Masters Research Paper

Degree Name

M.A.

Organizational Unit

School of Art and Art History, College of Arts Humanities and Social Sciences

First Advisor

M.E. Warlick

Second Advisor

Annette Stott

Keywords

Julia Margaret Cameron 1815-1879, Criticism and interpretation, Portrait photography, Feminine beauty, Aesthetics

Abstract

There has been little discussion of Julia Margaret Cameron’s Idylls of the King photographs over the past decade. My goal with this paper is to bring her Idylls of the King series back into discussion and address its success and relevance in both art history and literature.
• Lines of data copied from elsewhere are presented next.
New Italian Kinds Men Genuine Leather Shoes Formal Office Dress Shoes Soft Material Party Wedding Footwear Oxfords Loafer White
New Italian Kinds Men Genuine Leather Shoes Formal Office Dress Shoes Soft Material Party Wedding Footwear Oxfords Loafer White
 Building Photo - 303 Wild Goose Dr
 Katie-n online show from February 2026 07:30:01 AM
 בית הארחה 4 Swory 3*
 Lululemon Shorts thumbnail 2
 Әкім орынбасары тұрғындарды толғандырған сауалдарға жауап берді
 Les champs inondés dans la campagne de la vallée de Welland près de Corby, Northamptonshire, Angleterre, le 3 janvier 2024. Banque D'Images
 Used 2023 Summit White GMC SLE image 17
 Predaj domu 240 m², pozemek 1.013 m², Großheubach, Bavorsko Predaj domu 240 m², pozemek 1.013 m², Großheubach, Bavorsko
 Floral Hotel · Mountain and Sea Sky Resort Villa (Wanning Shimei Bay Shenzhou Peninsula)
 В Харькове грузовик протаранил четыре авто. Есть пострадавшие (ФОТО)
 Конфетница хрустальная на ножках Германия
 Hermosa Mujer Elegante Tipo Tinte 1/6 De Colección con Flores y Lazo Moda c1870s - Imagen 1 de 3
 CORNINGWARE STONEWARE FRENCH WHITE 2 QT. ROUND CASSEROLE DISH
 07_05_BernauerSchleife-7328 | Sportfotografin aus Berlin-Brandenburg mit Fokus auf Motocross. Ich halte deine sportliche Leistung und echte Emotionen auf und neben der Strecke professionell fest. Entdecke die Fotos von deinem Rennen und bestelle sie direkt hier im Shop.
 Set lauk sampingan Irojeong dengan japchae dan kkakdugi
Scholars Helmut Gernsheim and Marylu Hill have questioned photography as a means to capture the imaginative content of Tennyson’s Arthurian stories and they declared Cameron’s photographs a failure. I argue that her theatrical style, use of props and costumes, obvious posing of her models, and nod to Victorian tableaux vivants capture the true essence of Tennyson’s epic. Her use of the Pre-Raphaelite female muse to portray the Arthurian characters of Elaine, Guinevere, and Vivien places her photographs in direct correlation with Pre-Raphaelite painting as well as popular literature. Her depictions of Tennyson’s epic poem are highly successful and I believe she achieved her personal goal of ennobling photography to the level of High Art.